What France is facing is likely foreshadowing for Canada, Flannigan says.
“[The boreal forest is] used to fire and has survived and thrived in fire. But if fire becomes too frequent the forest will disappear,” Flannigan said. “I have some colleagues who think it’s going to happen this century. I don’t think it’s going to happen as quickly as that. I think there’s still a fair bit of resilience.”
The Canadian Forestry Service anticipates at least a doubling in the area of forest burned annually by 2100.
What all of these researchers are certain of is that the positive feedback loop is in progress: the hotter it gets, the more fire there is, the more fire there is, the more emissions there are, so the world warms even further.
Hogg says the most direct way of slowing these changes in the boreal is to drastically reduce global GHG emissions, but that is above his paygrade.

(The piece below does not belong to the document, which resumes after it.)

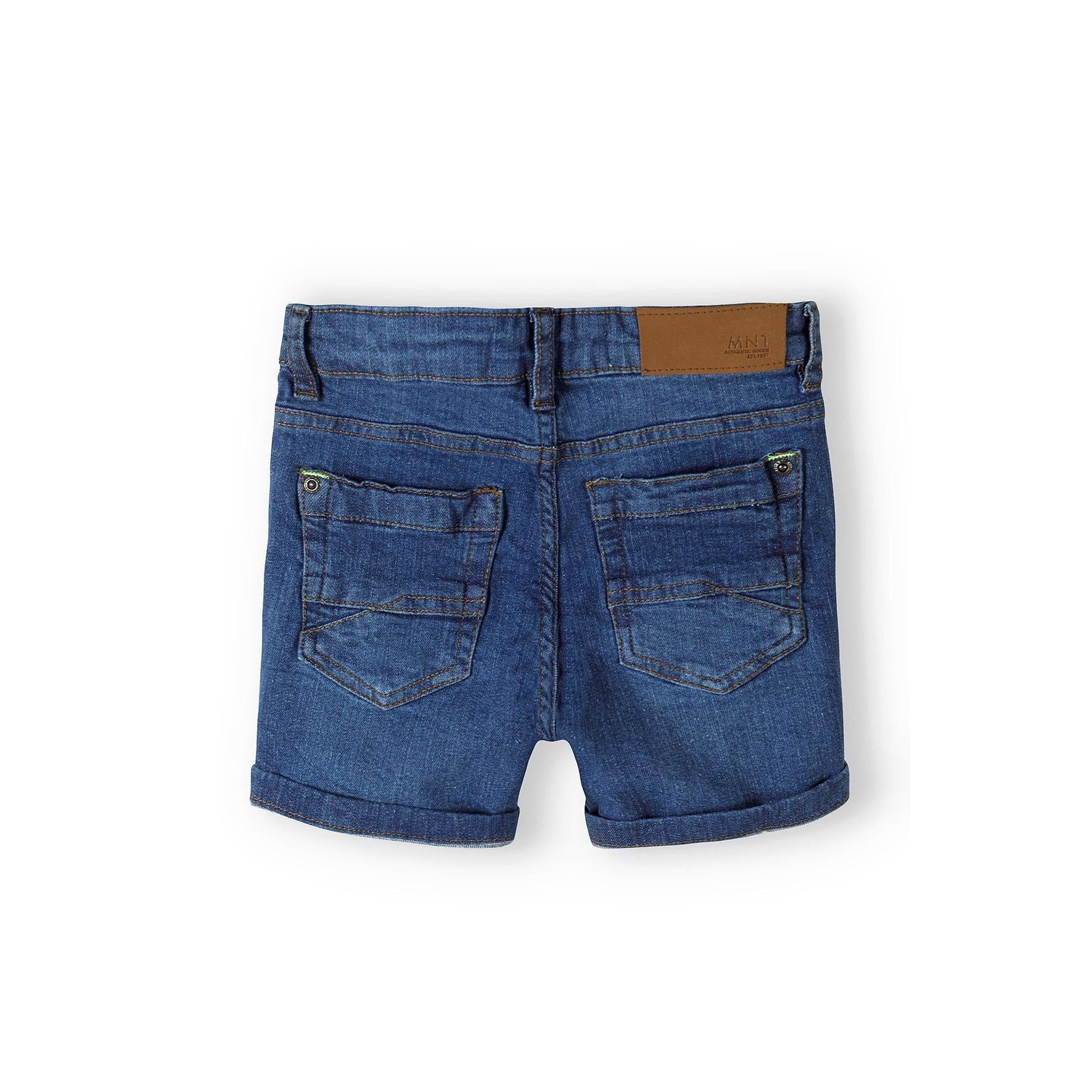 Back view of navy denim shorts showing rear pockets with brown leather waistband label on white background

“It is difficult to see these large-scale changes especially when we think about what it could mean down the road, you know, 10 or 20 years from now. I have an ammateur interest, for example, in bird watching, bird photography. We know that’s important habitat. Those trees are what allow all these species to be here. So it’s a big concern.”
Flannigan says there are ways in which forest management can be used to mitigate fire risks but they are financially unviable in Canada due to the magnitude of the forests here. He too concludes lowering emissions is really the only way to change course.
“Sometimes it takes a few bloody noses for human behaviour to change,” Flannigan said. “People sometimes need a couple lessons before they change behaviour. I actually think we’re going to need another bloody nose or two.”